- _WORK REQUEST_
In the listing that follows, the lines starting at the one containing "Photo of 4406" and ending at the one containing "Charlotte Irvine Onlyfans Photo Gallery" are to be returned exactly, both boundary lines included, and no others.

- _MATERIAL FOR THE TASK_

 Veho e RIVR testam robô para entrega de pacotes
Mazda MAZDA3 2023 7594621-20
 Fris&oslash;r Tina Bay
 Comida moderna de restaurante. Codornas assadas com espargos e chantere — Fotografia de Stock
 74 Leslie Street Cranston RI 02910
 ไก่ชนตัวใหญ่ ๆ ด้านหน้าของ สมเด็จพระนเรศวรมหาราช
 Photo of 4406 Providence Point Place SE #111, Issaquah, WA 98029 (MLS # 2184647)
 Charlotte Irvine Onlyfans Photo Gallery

...

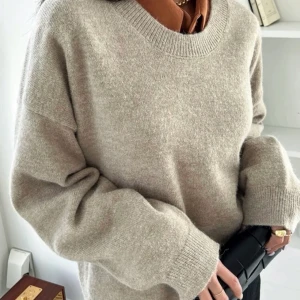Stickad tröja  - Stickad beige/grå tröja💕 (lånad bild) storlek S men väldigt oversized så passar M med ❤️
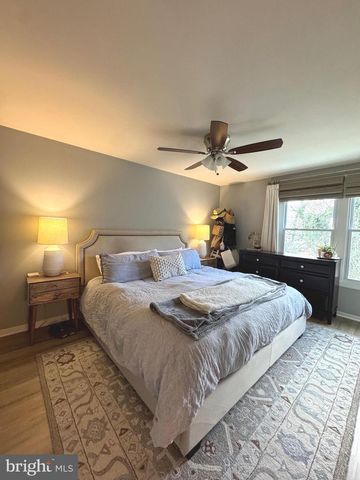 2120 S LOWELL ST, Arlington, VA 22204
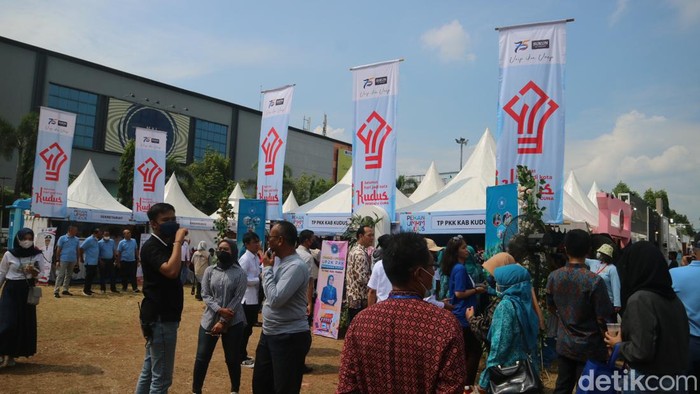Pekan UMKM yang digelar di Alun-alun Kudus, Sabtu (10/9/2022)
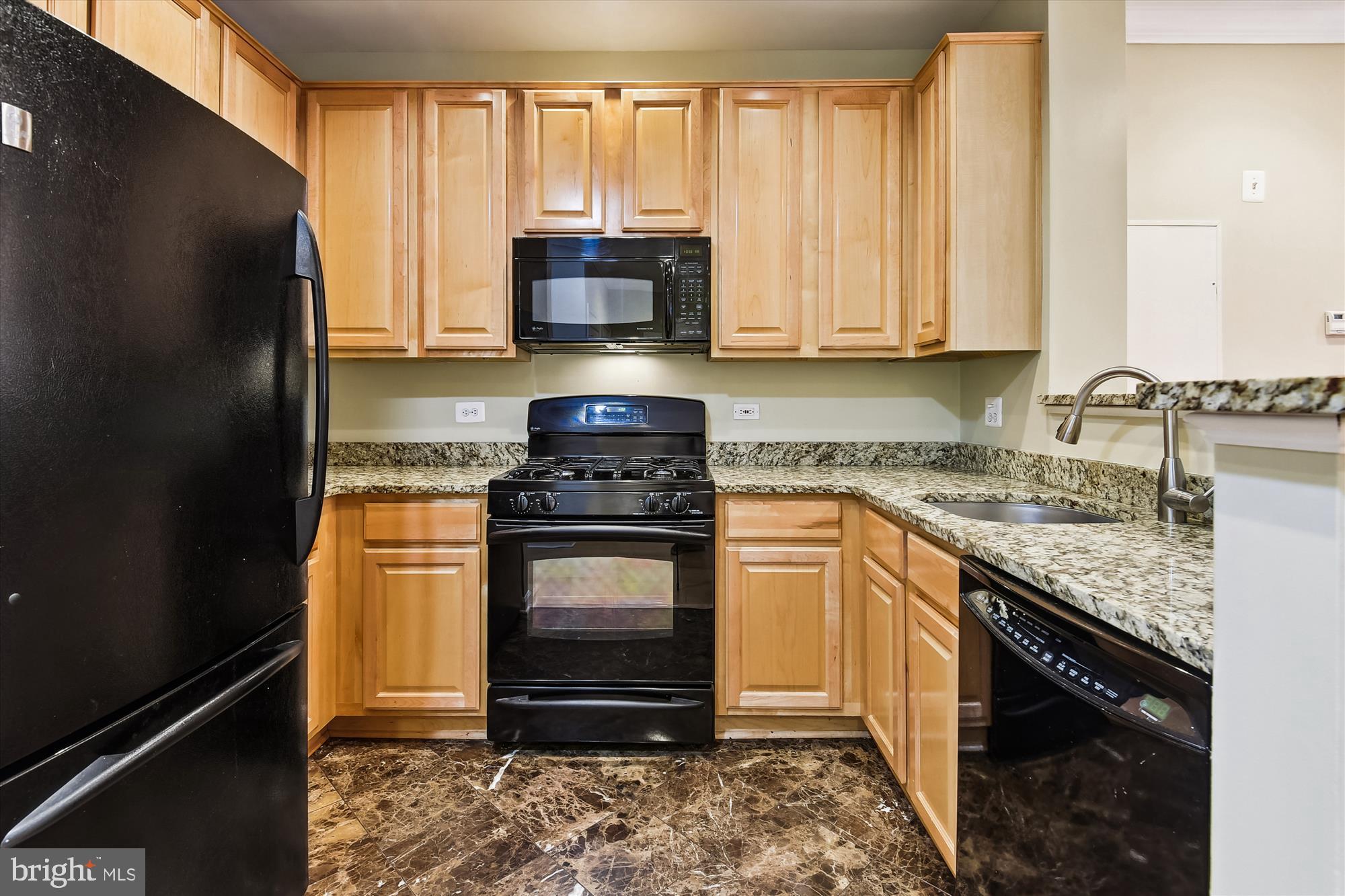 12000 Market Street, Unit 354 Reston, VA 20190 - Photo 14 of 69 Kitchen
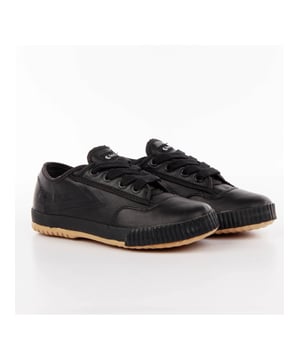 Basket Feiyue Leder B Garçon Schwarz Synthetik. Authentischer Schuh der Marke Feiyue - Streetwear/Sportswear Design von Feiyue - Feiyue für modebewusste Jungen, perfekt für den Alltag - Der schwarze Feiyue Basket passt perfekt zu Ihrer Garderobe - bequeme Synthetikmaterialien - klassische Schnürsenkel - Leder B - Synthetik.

* * *

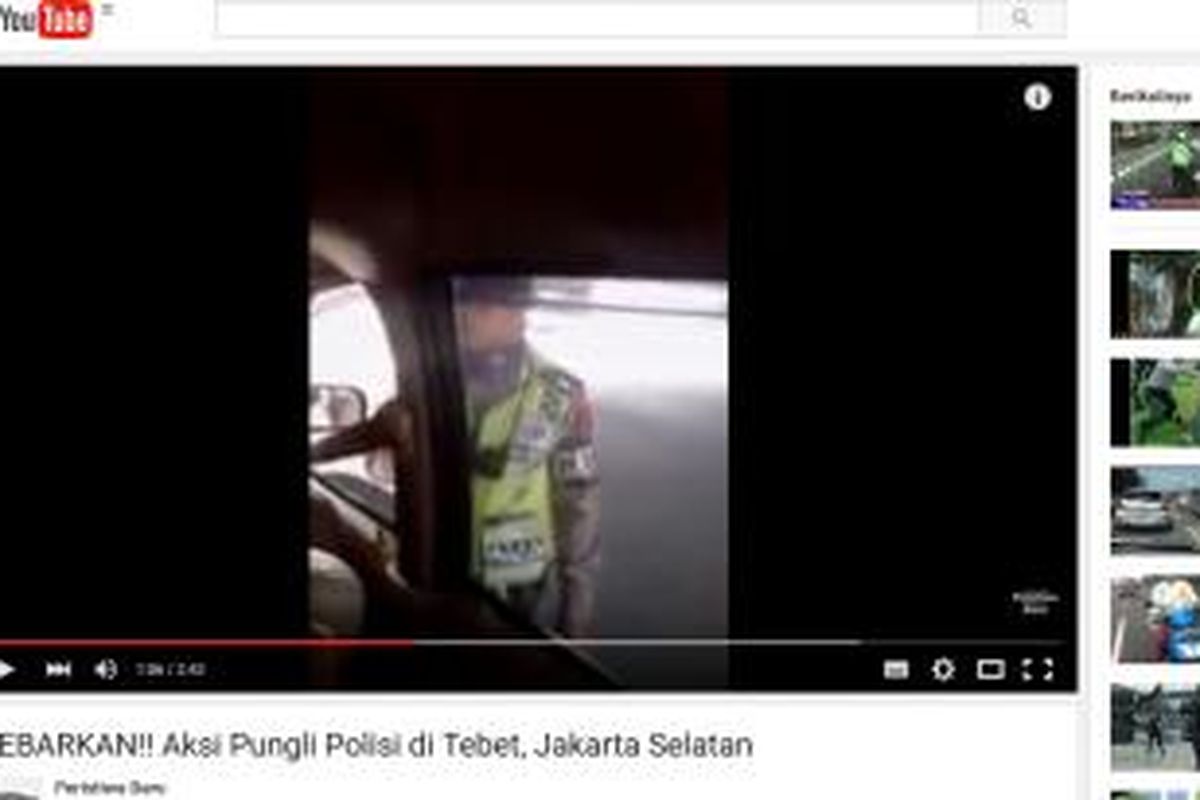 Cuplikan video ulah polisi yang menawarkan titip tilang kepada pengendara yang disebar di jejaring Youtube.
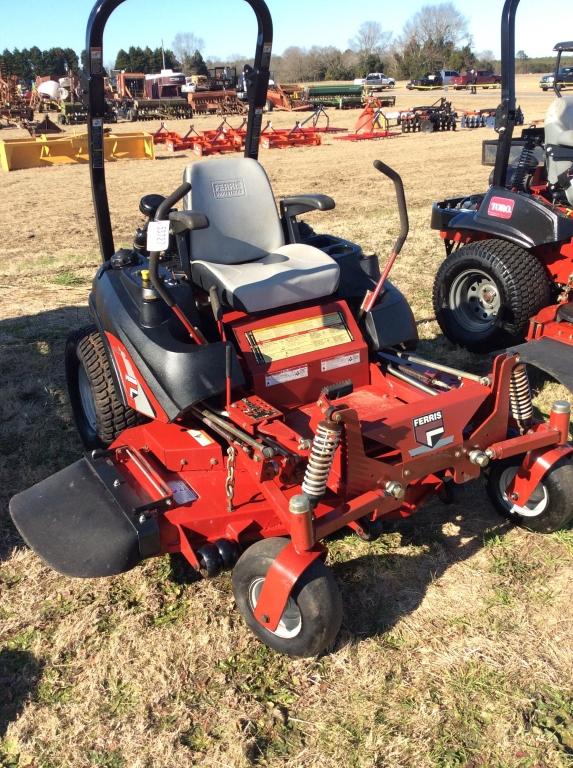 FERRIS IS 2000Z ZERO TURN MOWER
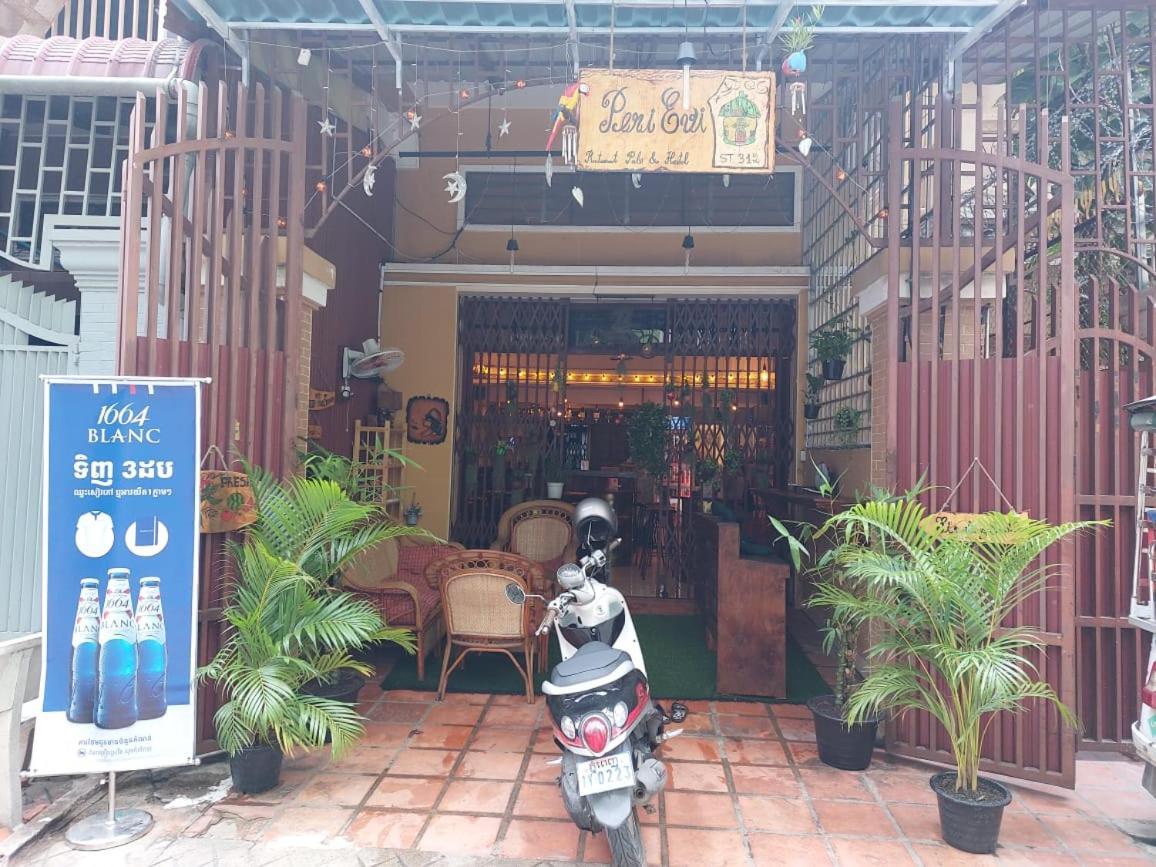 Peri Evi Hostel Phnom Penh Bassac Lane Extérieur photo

- _EXPECTED ANSWER_
 Photo of 4406 Providence Point Place SE #111, Issaquah, WA 98029 (MLS # 2184647)
 Charlotte Irvine Onlyfans Photo Gallery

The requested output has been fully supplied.